Upgrade your existing client-side solutions
Traditional security controls, like Web Application Firewalls (WAFs) do not protect against threats at the browser-level and can’t detect and protect businesses from sophisticated skimming malware, supply chain attacks, or sideloading and chainloading attacks. The same is true with Content Security Policies (CSPs). Unless you have a list of all third-party domains and scripts that doesn’t frequently change, it will be near impossible to build and manage CSP in a reasonable way. So, unless you’re using an advanced, automated content security policy tool, you won’t be able to easily deploy CSP for a web application or website. Additionally, a standard CSP is not going to work for every web application. And if third-party code, plugins, or enhancements are added to the web page, policies may fail. Finally, if the organization is conducting an audit of this CSP to meet PCI DSS compliance, there’s also the risk that analysts will be unable to determine why policies failed.
Create a PCI 4.0 team
Implementation and management of the new PCI 4.0 requirements necessitate expertise across a variety of areas, including compliance, software development, risk, and cybersecurity.

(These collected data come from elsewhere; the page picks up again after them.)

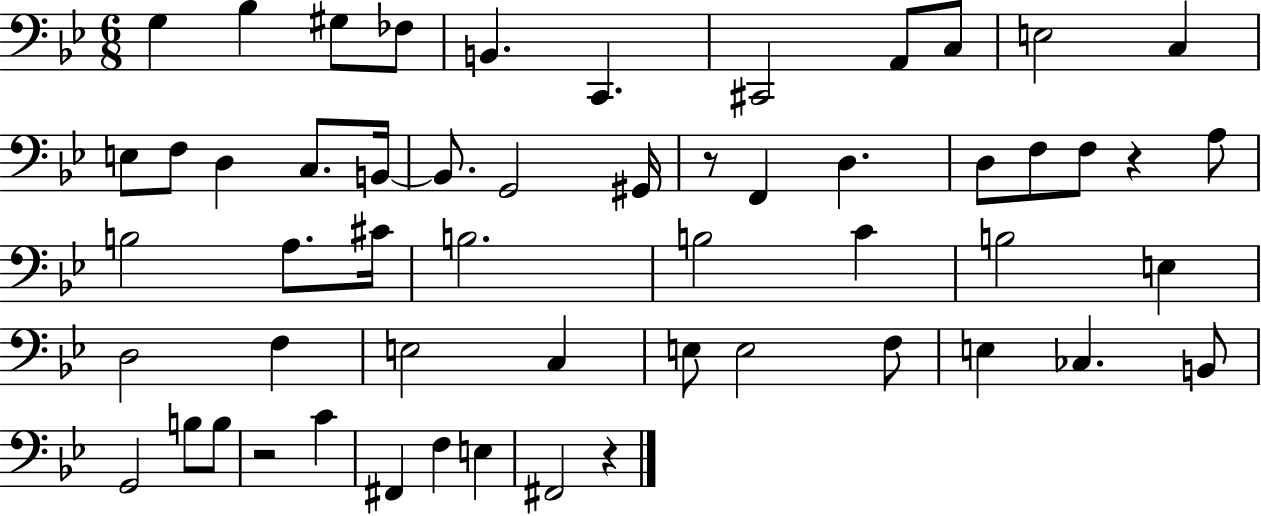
{
  \clef bass
  \numericTimeSignature
  \time 6/8
  \key bes \major
  g4 bes4 gis8 fes8 | b,4. c,4. | cis,2 a,8 c8 | e2 c4 | \break e8 f8 d4 c8. b,16~~ | b,8. g,2 gis,16 | r8 f,4 d4. | d8 f8 f8 r4 a8 | \break b2 a8. cis'16 | b2. | b2 c'4 | b2 e4 | \break d2 f4 | e2 c4 | e8 e2 f8 | e4 ces4. b,8 | \break g,2 b8 b8 | r2 c'4 | fis,4 f4 e4 | fis,2 r4 | \break \bar "|."
}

Identify and monitor assets
Identify all of your assets, including software, web application code, and third-party scripts. Note any issues and their corresponding remediations.
Perform a risk assessment for PCI DSS scope
Determine what impact PCI 4.0 will have on your organization based on your existing system components, people, and processes that store, process, and transmit cardholder data and/or sensitive authentication data.
Client-Side Security and S-SDLC
Add client-side attack surface testing and monitoring to the secure software development lifecycle (S-SDLC).
Begin Your PCI 4.0 Client-Side Security Journey Now!
Client-side attack surface monitoring tools can significantly reduce the burdens associated with implementing and managing PCI DSS 4.0 requirements on the client side. For example, inspection tools automate the process of script identification and collection and can focus on identifying vulnerable or malicious scripts. Monitoring and management tools can block all unauthorized and unwanted behavior in real time across an organization’s web assets, effectively preventing cardholder data exfiltration. And advanced, automated content security policies can identify all first- and third-party scripts, digital assets, and the data they can access and then generate appropriate content security policies based on scanned data and anticipated effectiveness.